Bravi gli editori che investono sulle copertine: con me, hanno vita semplice perché mi faccio attrarre molto facilmente, questo non vuol dire che scelga a scatola chiusa naturalmente! Ma se la copertina mi colpisce, siamo già a buon punto. E nel caso specifico è stata una copertina bianca, con disegni stilizzati ma a colori, a catturare la mia attenzione.
E’ così che mi sono imbattuta in 66th A2nd, casa editrice che – mea culpa . non conoscevo. E nelle sue collane molto particolari. Una, Attese, dedicata ai romanzi di storie sportive e di vita, l’altra che si chiama Bazar, che vale un viaggio multietnico, un melting pot letterario, perché dà voce alle seconde generazioni, quelli che magari per tanti di noi sono indistintamente stranieri e che invece non lo sono. Ci sono dentro intellettuali africani, c’è la banlieue parigina, ovviamente non poteva mancare la cosmopolita per eccellenza, New York, ma i tempi cambiano ed ecco emergere anche il Sudest asiatico in chiave letteraria.
Americana o cinese?
Io però devo rimandare l’approfondimento letterario perchè credo di aver pescato uno dei libri più spensierati e leggeri della collana. Si chiama Kitchen Chinese, l’autrice è Ann Mah, americana di origini cinesi come la sua protagonista, Isabelle Lee, newyorchese trapiantata a Pechino dopo essere stata mollata dal bel fidanzato e licenziata dal lavoro. Sì, l’avete capito, trattasi di una sorta di Bridget Jones in salsa asiatica.
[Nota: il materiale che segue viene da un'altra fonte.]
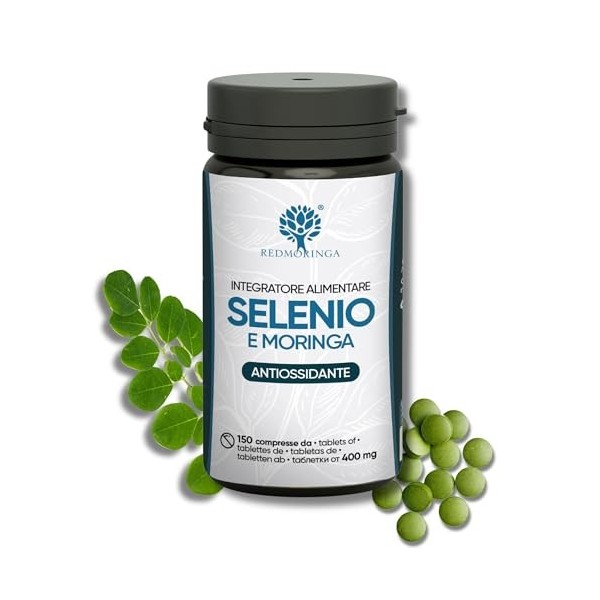 Sélénium Vegane et Moringa Bio, Comprimés de 100 µg| Bienfaits Immunitaires, Thyroïde, Cheveux, Ongles, Spermatogenèse | Fabr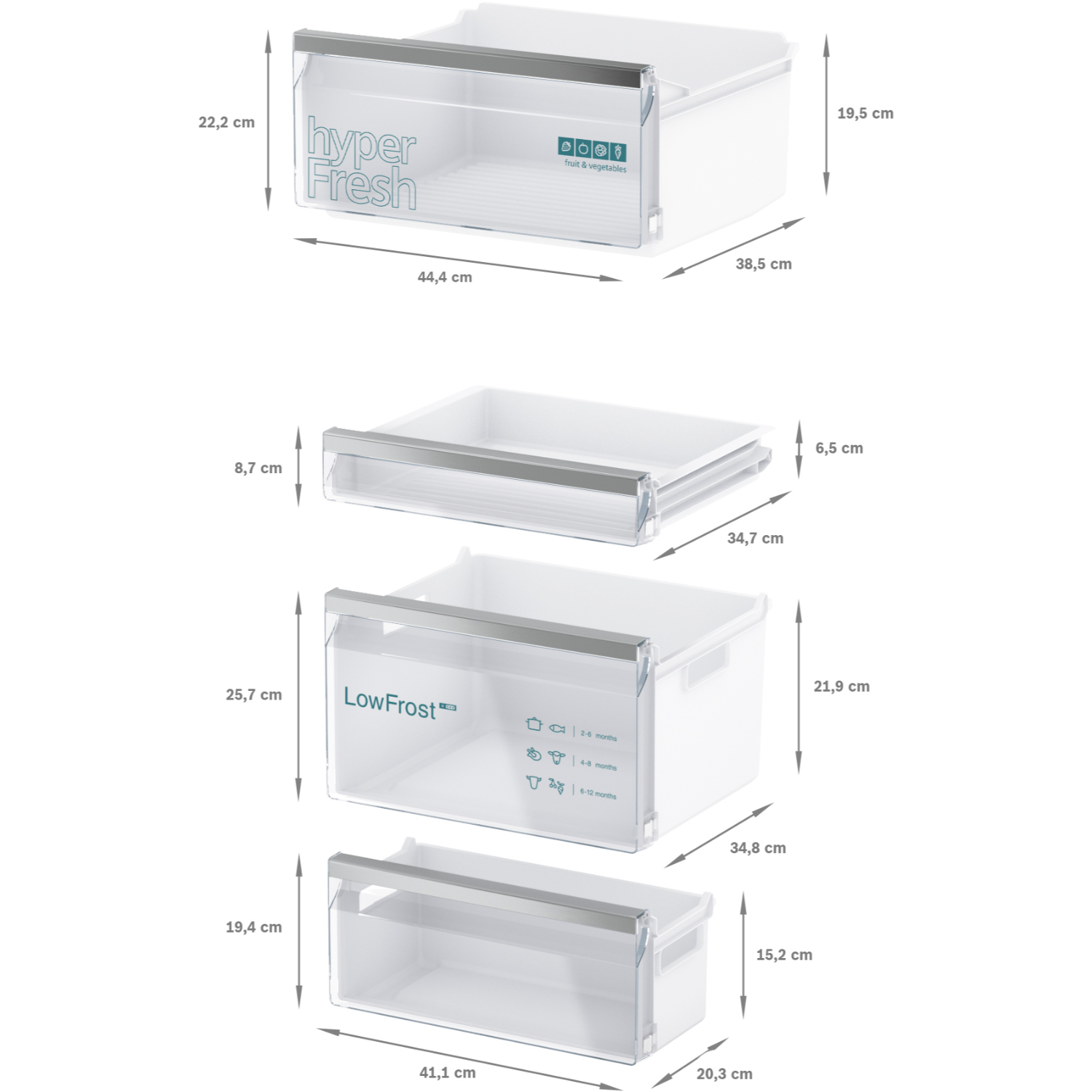 Four white refrigerator drawers with dimensions are displayed against a white background.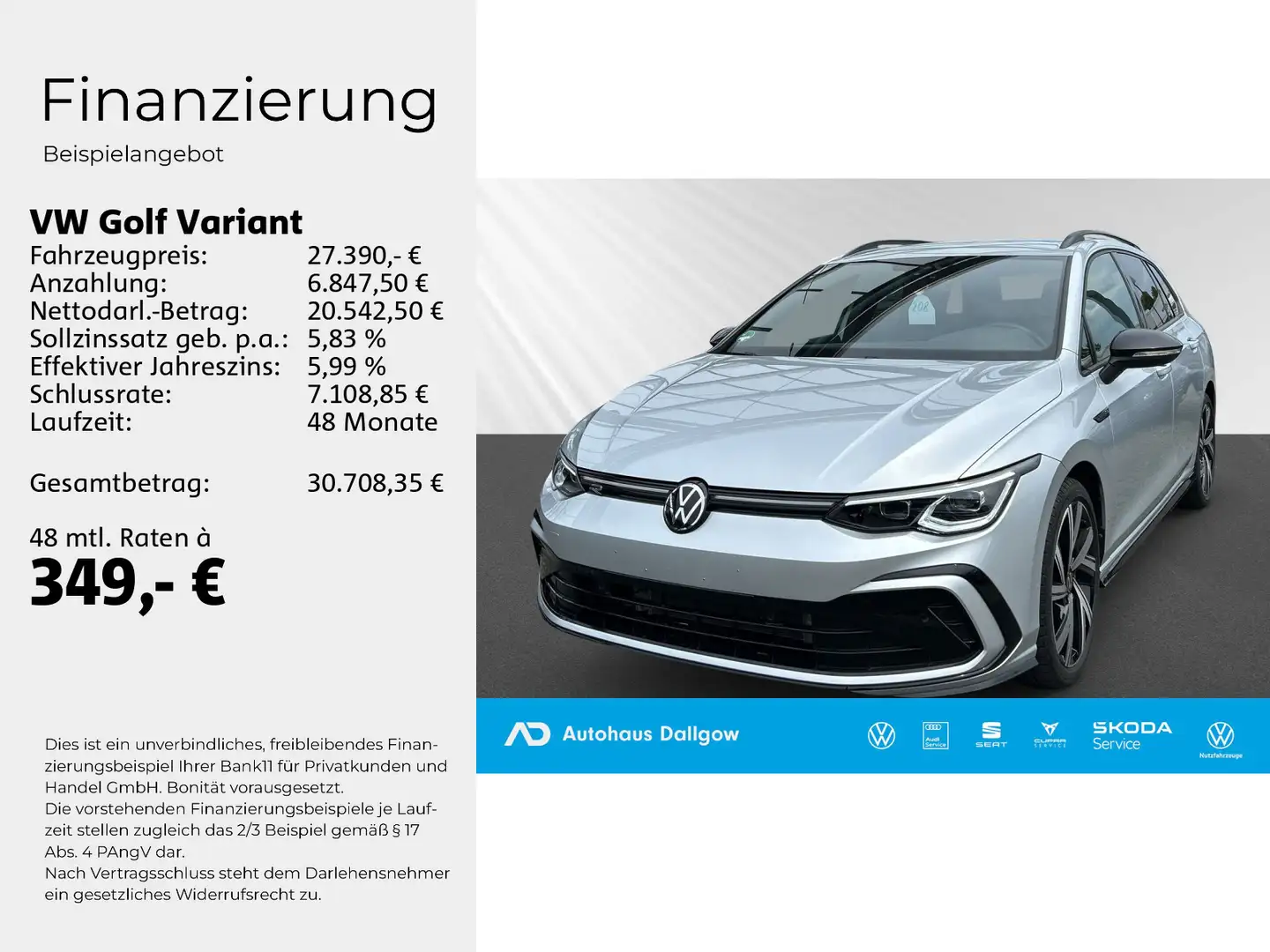 Volkswagen Golf Variant R-Line 1,5l eTSI 130PS DSG+LED+PDC+ Silber - 2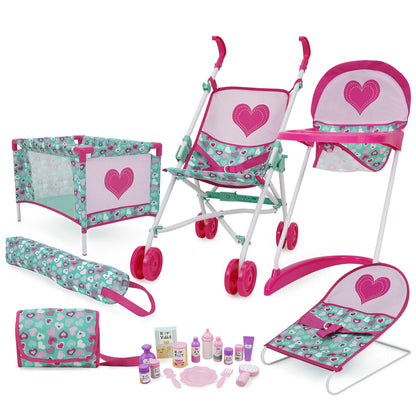 509 Crew Mint Heart Bouncer Doll Play Set with stroller, playpen, and accessories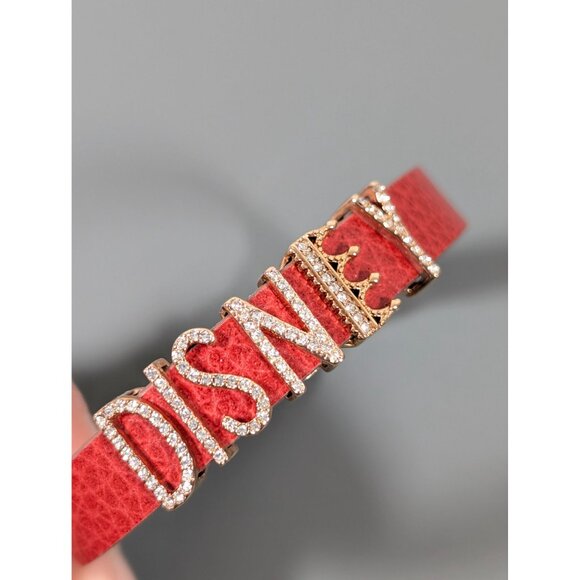 Keep Collective Red Disney Leather Bracelet Rhinestone Letters Crown Charms 7.5" - Picture 4 of 9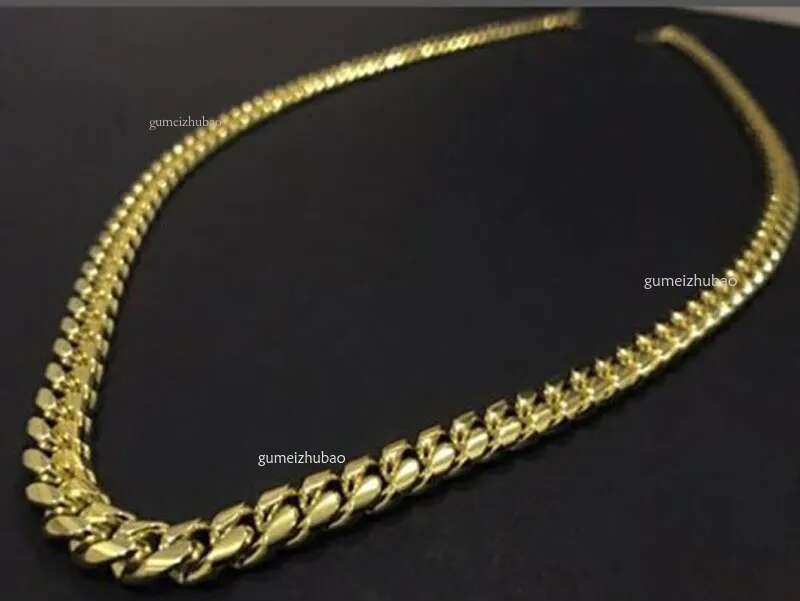 Mens Gold Tone 316L Stainless Steel Necklace Curb Cuban k Chain with Dias Clasp Lock 8mm/10mm/12mm/14mm/16mm/18m
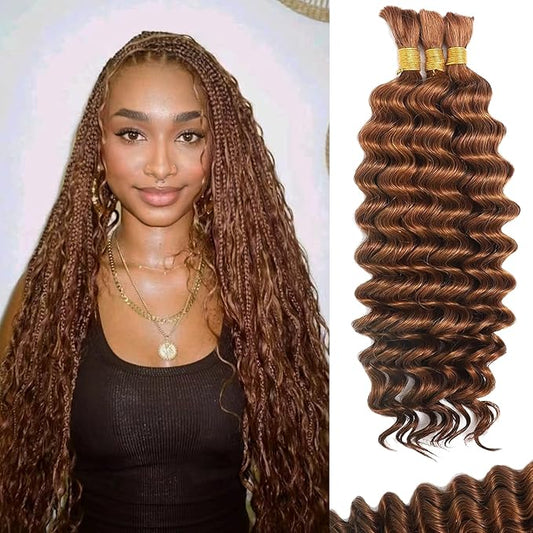 Human Braiding Hair For Boho Braids Deep Water Wave Human Bulk Hair for Braiding 12A Brazilian Virgin Human Hair Extensions for Boho Braids 3 Bundles/Pack 110g Auburn Ginger 20inch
Ma essendo in salsa asiatica si aggiungono due elementi divagatori. La cucina, quella del titolo: Isabelle finisce col fare la critica gastronomica in una rivista per stranieri, Bejiing Now, e girerà per ristoranti, e non solo, raccontandoci prelibatezze delle tradizioni locali. E la “crisi” di identità: mi devo sentire più americana o più cinese? Sembra chiedersi la ragazza. Che tra l’altro fa fatica a parlare un mandarino corretto, attirandosi gli sguardi incuriositi dei locali.
La Pechino degli expats
Scopro infatti che Kitchen Chinese, titolo che sembrerebbe solo legato al ruolo da comprimaria che la gastronomia reclama in tutto il racconto, in realtà evoca anche qualcos’altro: è così che si definisce il cinese parlato dai figli degli immigrati, quello – appunto – maccheronico diremmo noi (chissà perché poi si cede sempre sulla metafora culinaria, forse per etichettare chi, in una lingua straniera quale che sia, sa solo ordinare la cena…).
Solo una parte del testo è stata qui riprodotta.